── Supplied material ──

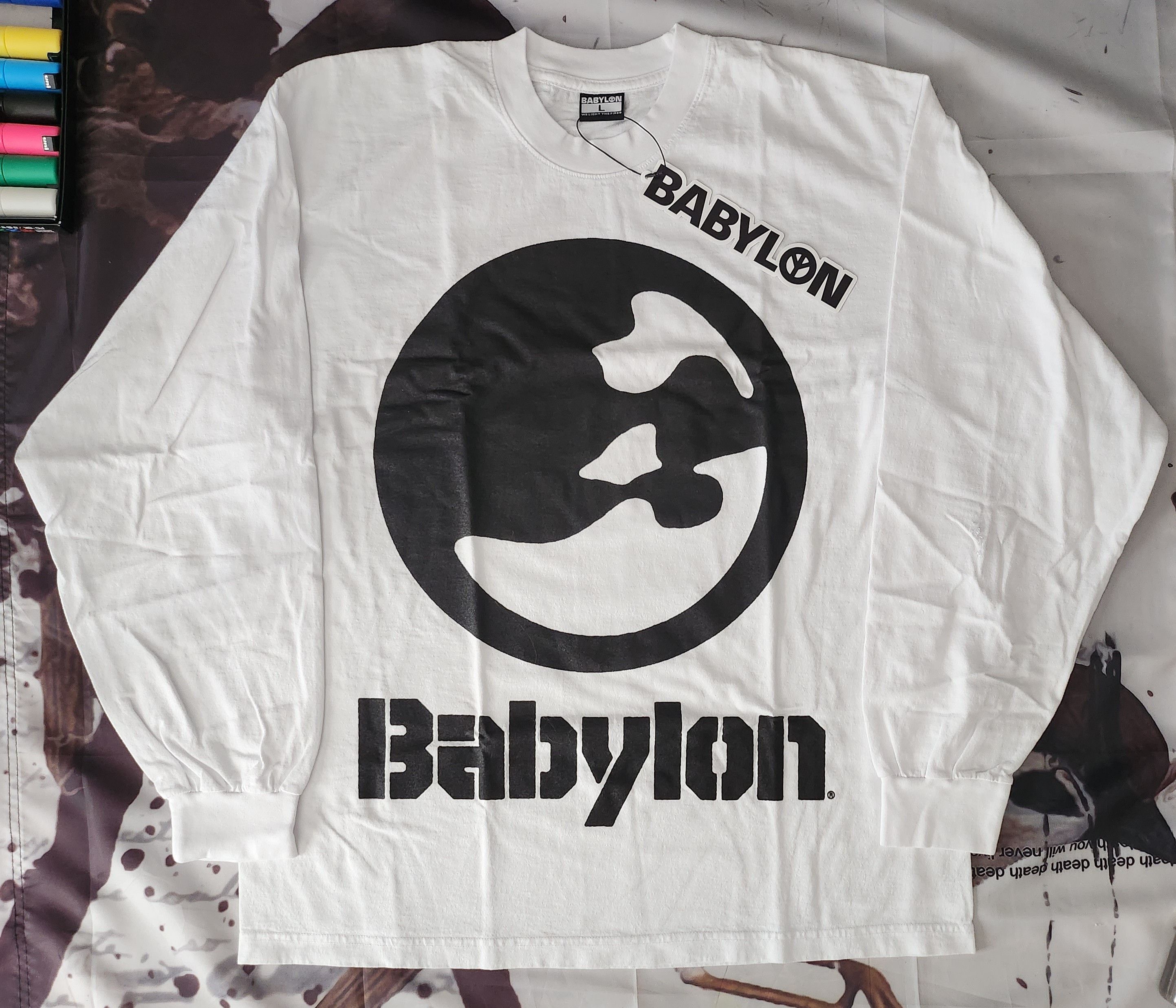 Babylon Drop Face Longsleeve Tee Size US L / EU 52-54 / 3 - 1 Thumbnail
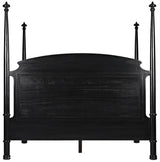 NOIR New Douglas Bed Eastern King Hand Rubbed Black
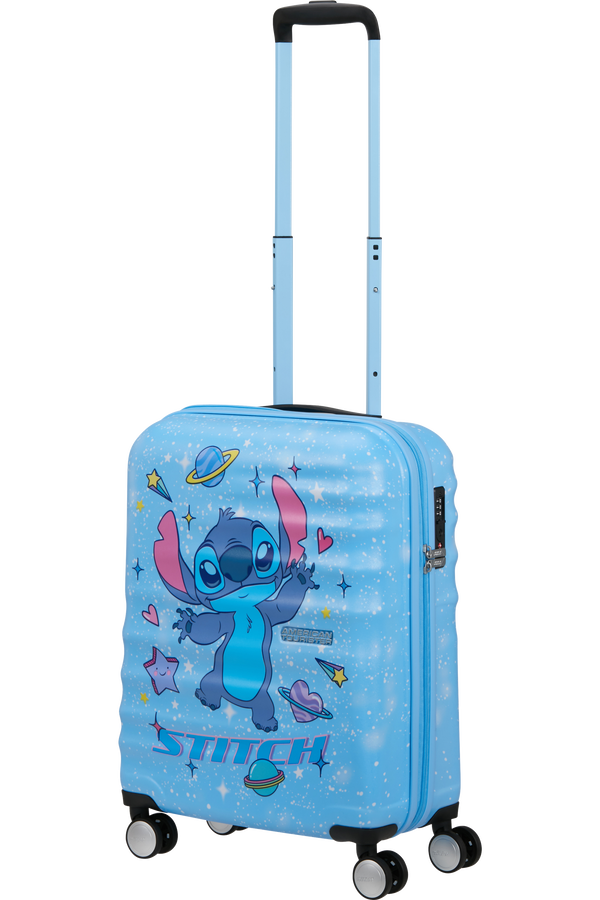 Disney Wavebreaker 55cm Bagagli a mano | American Tourister Disney Wavebreaker Spinner TSA Disney Fl 55cm  Stitch Universe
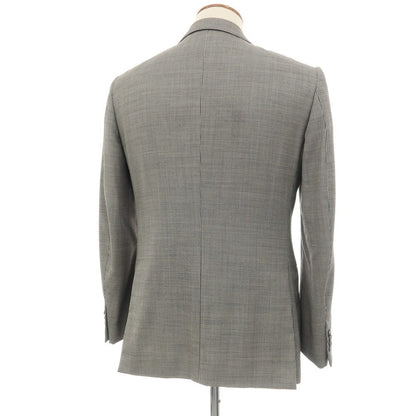 【中古】エルメネジルドゼニア Ermenegildo Zegna ウール 2B テーラードジャケット ブラックxホワイト【サイズ48 R】【 状態ランクC 】【 メンズ 】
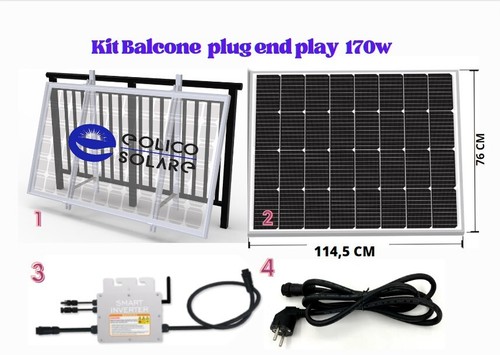 Kit fotovoltaico balcone - kit, da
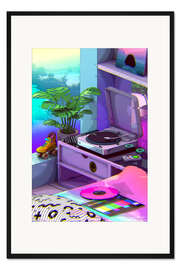 Gerahmter Kunstdruck Vaporwave Ästhetik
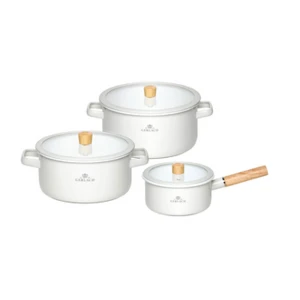 Natur Enamel Kpl. garnków 6 el. - biały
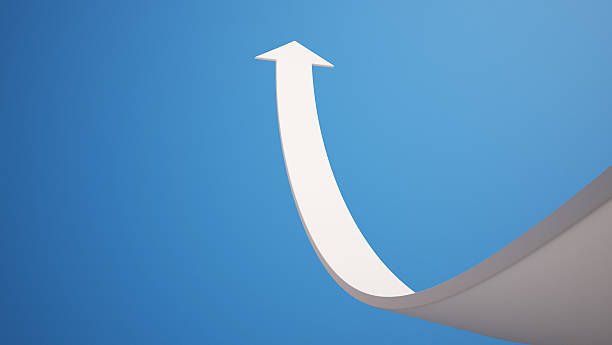 istock Arrow aspire to Sky with Clipping Path 453942105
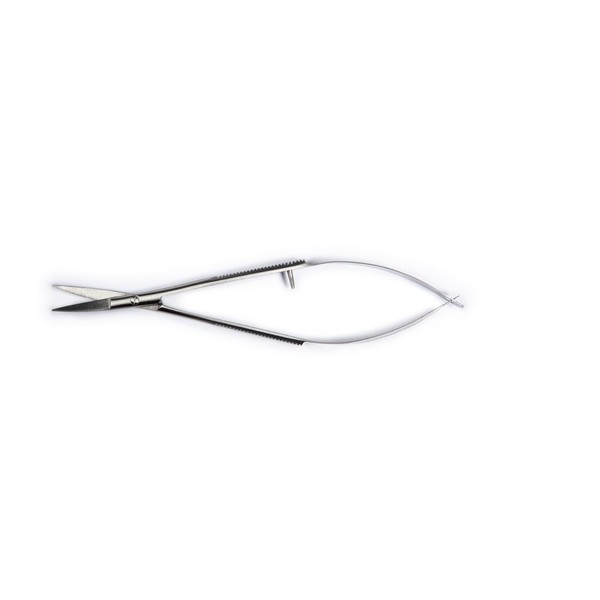 Andreia Professional Spring Scissors - Stainless Steel Curved Nail Scissors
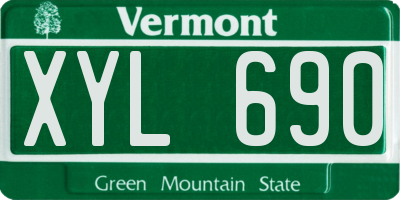 VT license plate XYL690
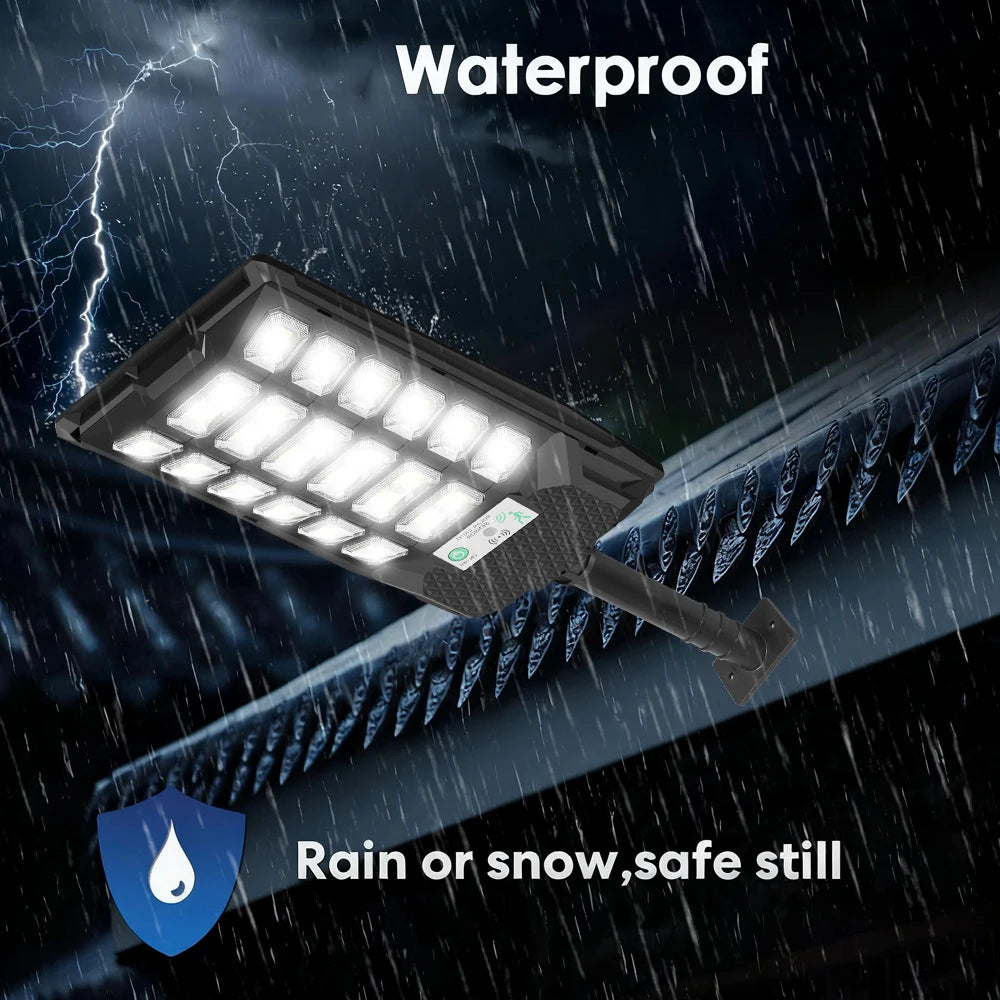 LED Solar Street Lights Outdoor Waterproof 50000LM Wide Angle Solar Light Parking Light Motion Sensor for Security Street Light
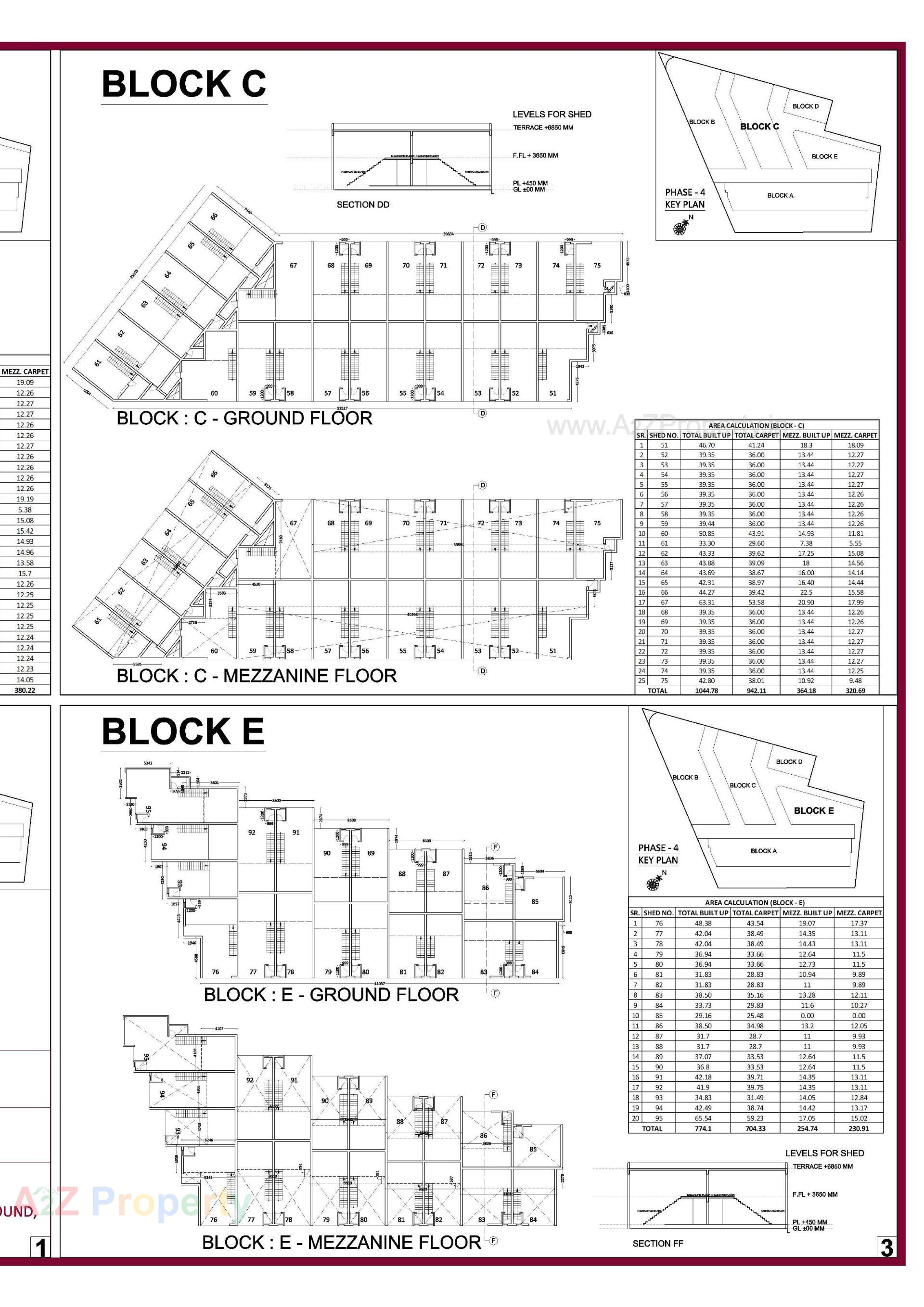 Layout of real estate project Pushkar Industrial Hub located at Ahmedabad, Ahmedabad, Gujarat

───

Task goal -
Reproduce every line above exactly as written, omitting the images.

Result below -
 Babylon Drop Face Longsleeve Tee Size US L / EU 52-54 / 3 - 1 Thumbnail
 NOIR New Douglas Bed Eastern King Hand Rubbed Black
 Disney Wavebreaker 55cm Bagagli a mano | American Tourister Disney Wavebreaker Spinner TSA Disney Fl 55cm  Stitch Universe
 【中古】エルメネジルドゼニア Ermenegildo Zegna ウール 2B テーラードジャケット ブラックxホワイト【サイズ48 R】【 状態ランクC 】【 メンズ 】
 Kit fotovoltaico balcone - kit, da
 Gerahmter Kunstdruck Vaporwave Ästhetik
 Natur Enamel Kpl. garnków 6 el. - biały
 istock Arrow aspire to Sky with Clipping Path 453942105
 Andreia Professional Spring Scissors - Stainless Steel Curved Nail Scissors
 VT license plate XYL690
 LED Solar Street Lights Outdoor Waterproof 50000LM Wide Angle Solar Light Parking Light Motion Sensor for Security Street Light
 Layout of real estate project Pushkar Industrial Hub located at Ahmedabad, Ahmedabad, Gujarat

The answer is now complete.